Iron complexes of gallocatechins. Antioxidant action or iron regulation?

Iron(III) complexes of gallocatechins were studied in aqueous Solutions by UV-VIS spectrometry, HPLC, cyclic voltammetry, laser photolysis and pulse radiolysis techniques. The blue-violet colored complexes are readily formed in water. The Job plots indicate 1:1 stoichiometry for the reaction of iron(III) with gallocatechins and methyl gallate, and 1:3 for that of iron(III) and catechin. This suggests that the three phenol groups of the gallate moiety play a role in complex formation. The formation constants of the complexes are found to be pH dependent, as expected for polyhydroxybenzene derivatives. pK(a1) = 4.3 and pK(a2) = 7.4 for the polyphenols with the gallate ester moiety (epigallocatechin gallate and epicatechin gallate) are lower than those of epigallocatechin (EGC) and catechin (pK(a1) = 4.9 and pK(a2) = 8.4), very probably because of the electron-withdrawing effect of the ester. Apparent stability constants of iron(III) gallocatechin complexes are high at pH 7, log K approximate to 27, comparable to those of the catechol derivatives.
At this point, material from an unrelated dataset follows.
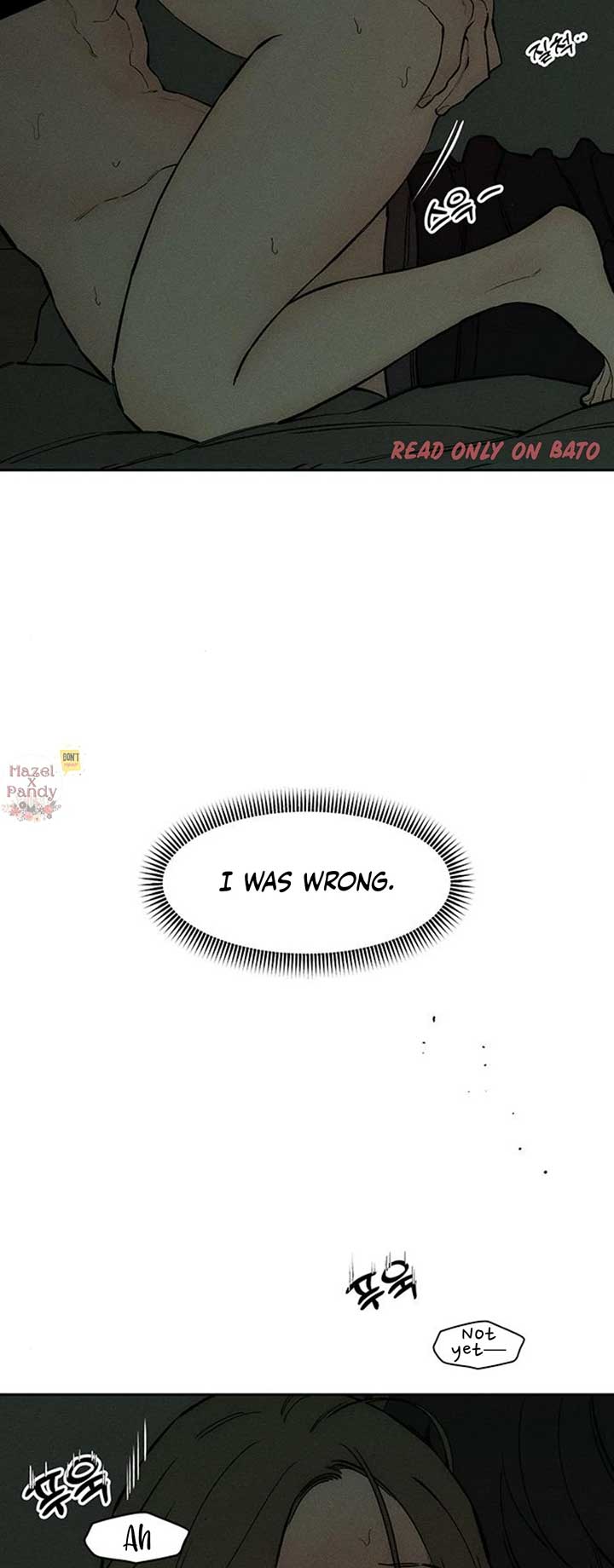 Tears On A Withered Flower, Chapter 48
Photoionization of the iron complexes by the 248 nm laser is more efficient at higher pH, phi = 0.13 at pH 7 vs. phi = 0.26 at pH 11.5. The absorption spectra, which resemble those of ligand phenoxyl radicals, indicate that photoionization yields unstable phenoxyls, t(1/2) similar to 1 ms. Similar spectra are recorded when one-electron oxidation by the azide radical, N-3(.), is used to generate the ligand radicals. The reduction potential of Fe(III)gallocatechins is -0.325 V vs. NHE, which is similar to 0.45 V less negative than the reduction potential of the Fe(II)/Fe(III) couple. In the case of the catechins with the gallate ester moiety,namely EGCG and ECG,the high pH cyclic voltammograms exhibit a quasi-reversible oxidation-reduction not seen in the other derivatives. The relevance of these findings for the physiological function and antioxidant and chemopreventive action of gallocatechins Is discussed.